En los últimos años, hemos asistido al cierre de varias franquicias y clínicas dentales a través de las noticias y los informativos de los distintos medios de comunicación. Profesionales en paro, con nóminas pendientes; pacientes con tratamientos a medio realizar; empresarios huidos de la justicia y clínicas cerradas sin previo aviso son, entre otros, denominadores comunes de estos casos de cese de actividad de clínicas. El último de ellos ha sido el de la cadena Funnydent, franquicia con varias clínicas en Madrid y Cataluña, que ha dejado en la calle a muchos profesionales, además de miles de damnificados con los tratamientos a medio hacer o sin ni tan siquiera empezados, pero, eso sí, abonados o financiados en varios años.

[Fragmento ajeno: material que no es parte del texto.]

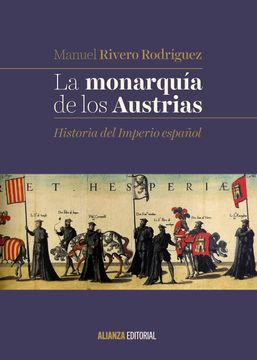 portada La Monarquía de los Austrias: Historia del Imperio Español (el Libro Universitario - Manuales)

Sin embargo, esos pacientes no verán terminados los trabajos y, como recomiendan todas las organizaciones colegiales —encabezadas por el Consejo General de Dentistas—, deberán iniciar reclamaciones cuyas trámites pueden durar años, para poder recibir algún tipo de indemnización.
Este tipo de casos dejan patente una realidad: cada día se abren más franquicias que anteponen los beneficios económicos al cuidado de la salud. Sin embargo, los consumidores y pacientes deben hacer valer sus derechos y, como aconsejamos desde el Ilustre Colegio Oficial de Dentistas, no abonar todo el tratamiento hasta que no haya sido realizado y el resultado sea satisfactorio para el paciente. De esta forma, podrán evitarse situaciones de desamparo como las que están viviendo los miles de afectados de Funnydent.
Además, también recomendamos pedir varias opiniones antes de iniciar tratamiento más largos o costosos. Los usuarios disponen, en primer lugar, de la opinión de los dentistas de los centros de atención primaria que, sin hacer ningún tipo de desembolso, nos permiten conocer el diagnóstico de cualquier enfermedad o dolencia que podamos tener en nuestras bocas. Así mismo, debemos exigir que el diagnóstico y el tratamiento nos lo de un dentista colegiado y no un asesor o comercial cuya opinión no es profesional.
Del mismo modo, podemos comprobar si el dentista está colegiado o no y, por último, debemos exigir un presupuesto completo y cerrado para la realización de los tratamientos, sin dejarnos llevar por las ofertas y los anuncios que prometen tratamientos a un precio muy bajo. Con estas simples pautas, podemos evitar escenas como las que estamos viendo en los últimos años de pacientes manifestándose en las puertas de sus centros odontológicos reclamando información y soluciones a sus situaciones.